* Problem to work on
Please retype the entries below word for word, passing over every picture.

* Data for this task

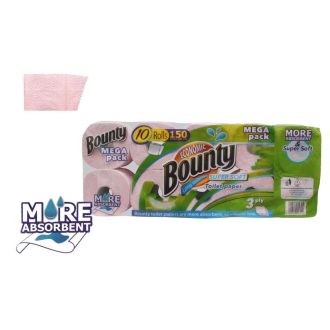 Wc Papír Bounty 3 Rétegű 10 Tekercses 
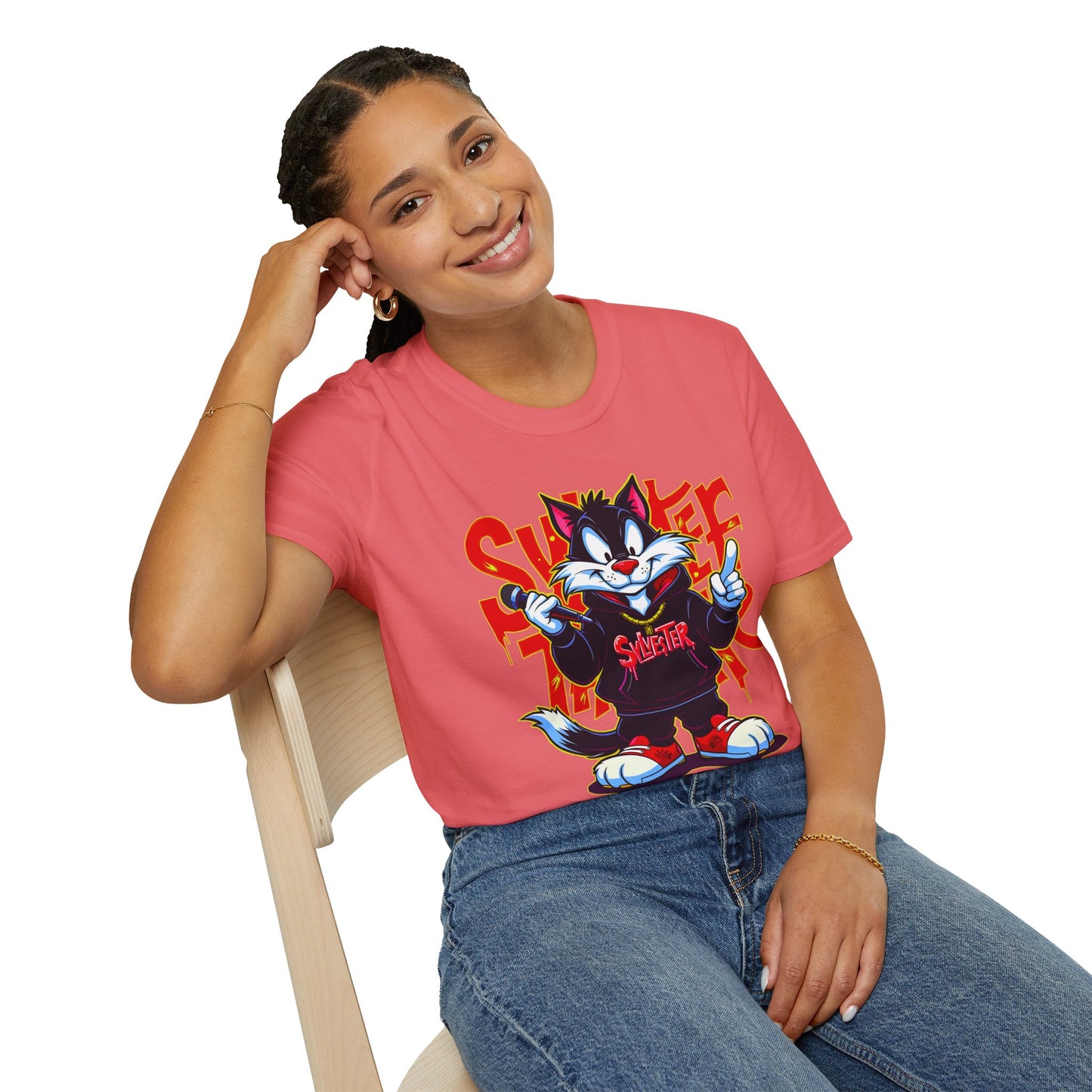 T Shirt with Cartoon, Cartoon on T Shirt, Animation Shirt, T Shirt with Animation, Funny Animals Tee Shirt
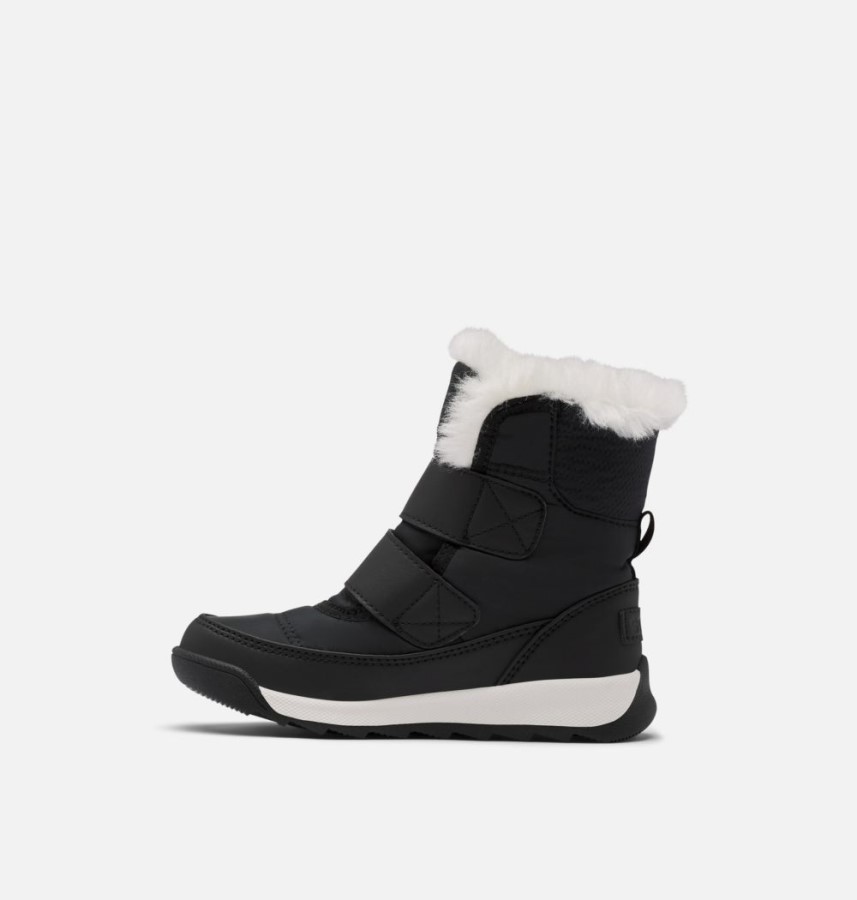 Black Sorel Australia Toddler Whitney Ii Strap Boot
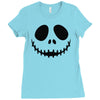 nightmare before christmas Ladies Fitted T-Shirt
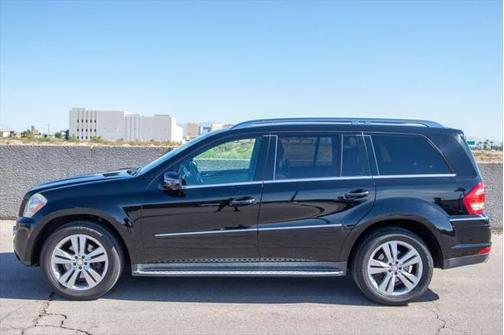 2011 Mercedes-Benz GL-Class 4MATIC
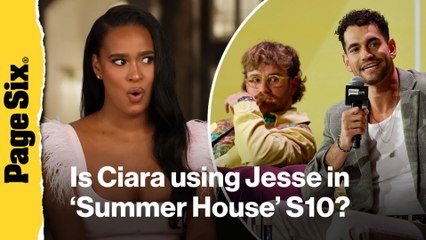Is Ciara Miller using Jesse Solomon to get back at West Wilson in 'Summer House' season 10?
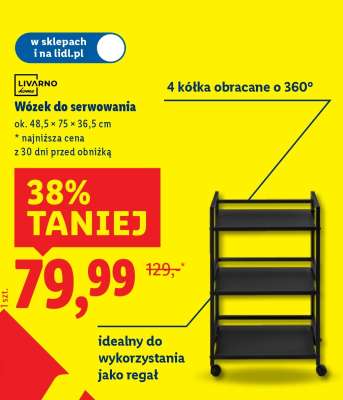 Wózek do serwowania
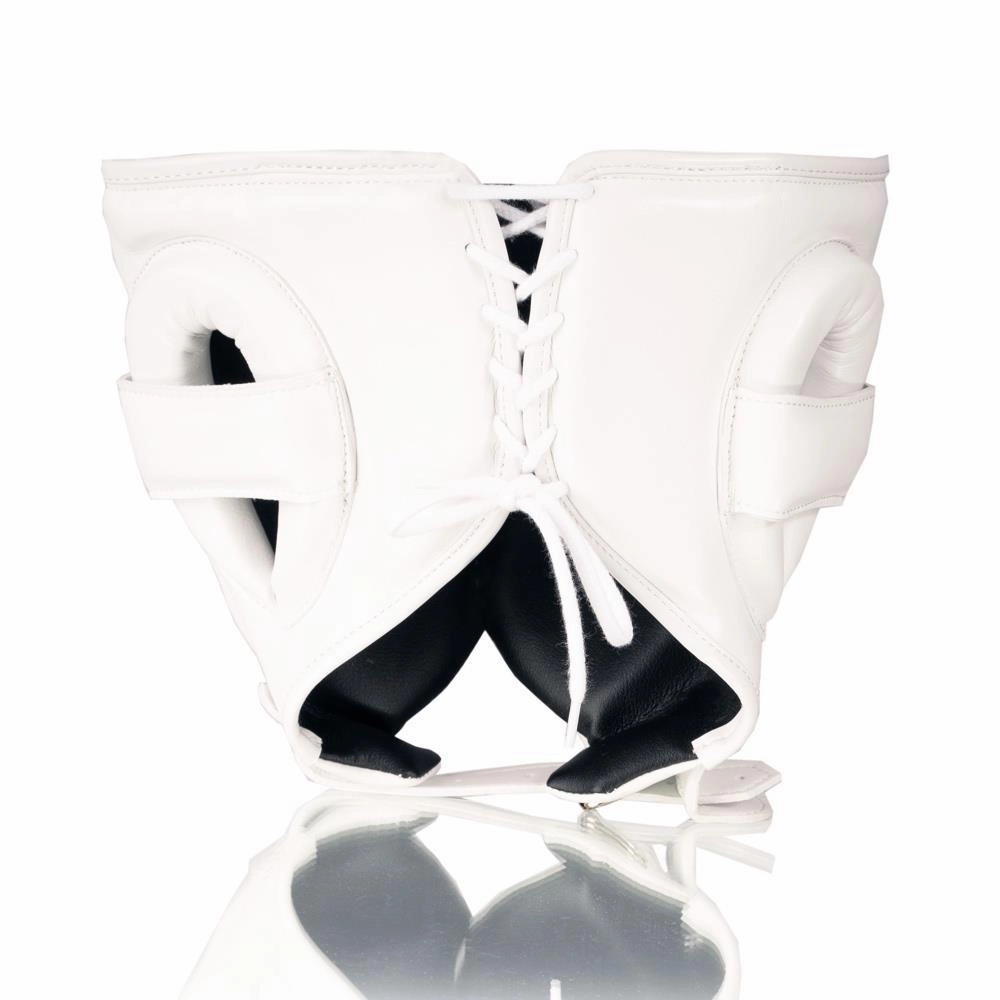 Fly Knight X Head Guard - White/White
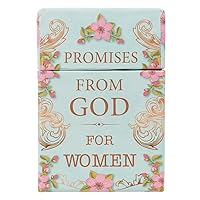 Promises From God for Women, Inspirational Scripture Cards to Keep or Share (Boxes of Blessings) Promises From God for Women, Inspirational Scripture Cards to Keep or Share (Boxes of Blessings) Hardcover
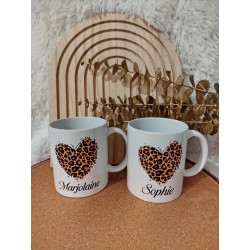 Mug Léopard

* Your response
 Wc Papír Bounty 3 Rétegű 10 Tekercses 
 T Shirt with Cartoon, Cartoon on T Shirt, Animation Shirt, T Shirt with Animation, Funny Animals Tee Shirt
 Black Sorel Australia Toddler Whitney Ii Strap Boot
 nightmare before christmas Ladies Fitted T-Shirt
 2011 Mercedes-Benz GL-Class 4MATIC
Is Ciara Miller using Jesse Solomon to get back at West Wilson in 'Summer House' season 10?
 Wózek do serwowania
 Fly Knight X Head Guard - White/White
 Promises From God for Women, Inspirational Scripture Cards to Keep or Share (Boxes of Blessings) Promises From God for Women, Inspirational Scripture Cards to Keep or Share (Boxes of Blessings) Hardcover
 Mug Léopard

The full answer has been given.